I graded my last few final exams today and submitted my end-of-semester details to the registrar. I have a few summary tasks here and there, but it is a full four weeks until I have to tend to daily thoughts of grading and planning and prepping for class. I have lots of big hopes to complete neglected house tasks and do fun things with the kids – but mostly I just want to exhale from the mess that was 2016.
Perspective changes everything, and I am working hard to remind myself of that. There were some crazy moments and dismal details about my past year but also other things that were brighter than what I could have ever imagined and so far beyond my predictions.
There are things that have taken shape in my life this year that, simply put, I just didn’t feel ready for yet.
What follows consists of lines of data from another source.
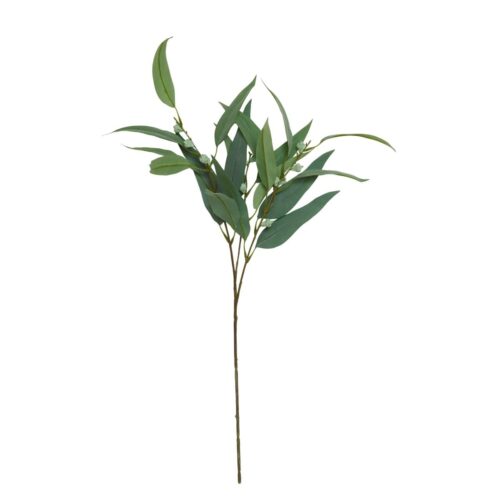 Speedtsberg Eucalyptus grein 70cm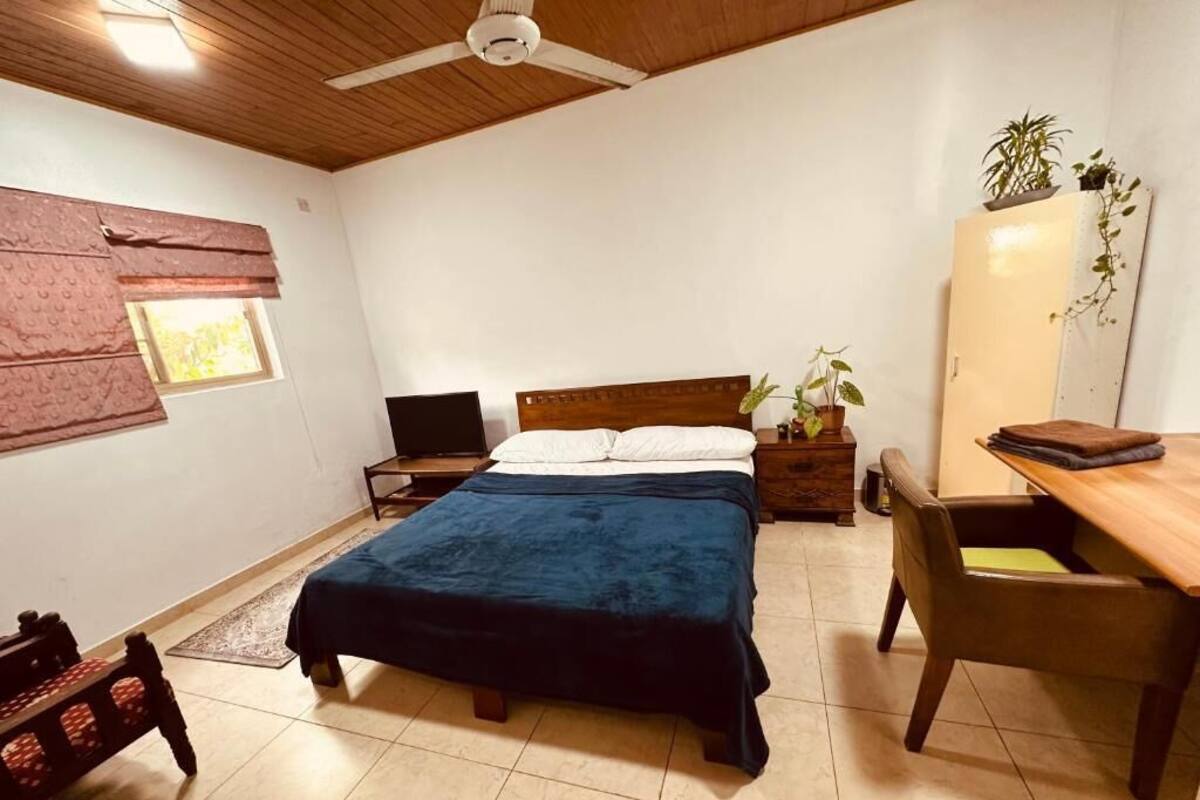 A bedroom with a bed, bedside table, chair, desk, and a ceiling fan.
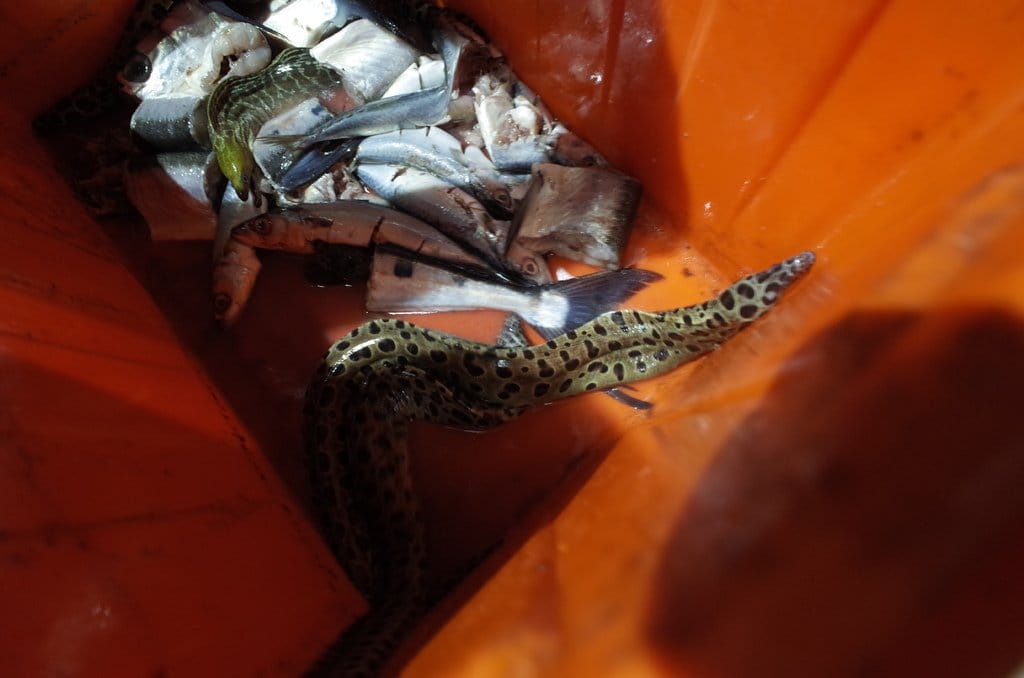 【旅遊樂活】澎湖大倉島 DAY2旅遊分享 碧海藍天之渡假、海上活動、8BQ (下) - 第49張圖 【旅遊樂活】澎湖大倉島 DAY2旅遊分享 碧海藍天之渡假、海上活動、8BQ (下)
Big things like time alone and my grandmother’s passing and less monumental things like a house renovation I didn’t ask for and publications I didn’t expect to come along. Sometimes you just want to put in an order to God to tell him to hold on a minute. I can do that later, but I am not ready. Not yet.
But we are never totally ready, I guess. Not for anything worthwhile. I know this to be true when I look back on the steps of my life that have brought me the most joy and delivered the greatest promise. The best details are always the ones I didn’t feel ready for. Life is all improv, isn’t it? I think that’s the thing none of us like to admit. We are all doing the best we can with any given set of challenges, and that is why, I’m realizing, it is so important to know yourself in a true and solid sense. Know your own limits and boundaries and priorities rather than checking things off some outside list and measuring yourself in someone else’s view. We make these decisions all the time, and one tiny turn leads to another, and you find yourself living in a reality you never could have predicted. When you make those decisions from a space of solid understanding and refined priorities, the results unfold beautifully. But when you make those decisions from a place of shaky ground or reflected sense of self, you will look around soon enough to wonder why your life feels so itchy and wrong. I thought 2015’s job was to get rid of all the itchy pieces, but as it turns out, 2016 kept doing that too. Refining, refining, refining all the time. Leaving only what is real.
Our little elf “brought” a board game from the North Pole today. (It helps to spread out the gifts with a couple of Advent surprises, I’ve found.) And we played a few rounds of Life Junior tonight after dinner dishes were put away and bath time was over. It’s the latest incarnation of the Life game I can remember playing growing up. This version has fun stops on the board like ice cream parlors and picnics and days at the beach. But the one I used to play had you check life milestones off the list. Remember that? Pass the university and collect your degree, get a job, pass the chapel and place a spouse in your tiny plastic car and ride off to get a mortgage and a baby with the next dial of the spinner.
It’s what we’re told. Check the boxes and things will be perfect. But it doesn’t really work that way.
Here I am, two years out. And I am so grateful mine all burned down. I don’t see the same game board at all anymore. I see one with windy twists and turns and unforeseen corners, but not a specified beginning and end. And what a relief it is to see life like that, how it is meant to be. Poet David Whyte has a line I love that explains, “Sometimes with the bones of the black sticks left when the fire has gone out, someone has written something new in the ashes of your life.” How incredible it is when all we feel is fire and all we see is ashes, but then you find that the bones are left and they are writing something new.
I’m feeling the new emerge here at the end of what was once again a year of pain and grief and joy and transformation and space and air and warmth and darkness and light. All those nights of thinking I’m not ready yet have finally left room for the echo that tells me I’m ready for whatever is next. Open and able and willing for the next pieces to fall where they are meant to be.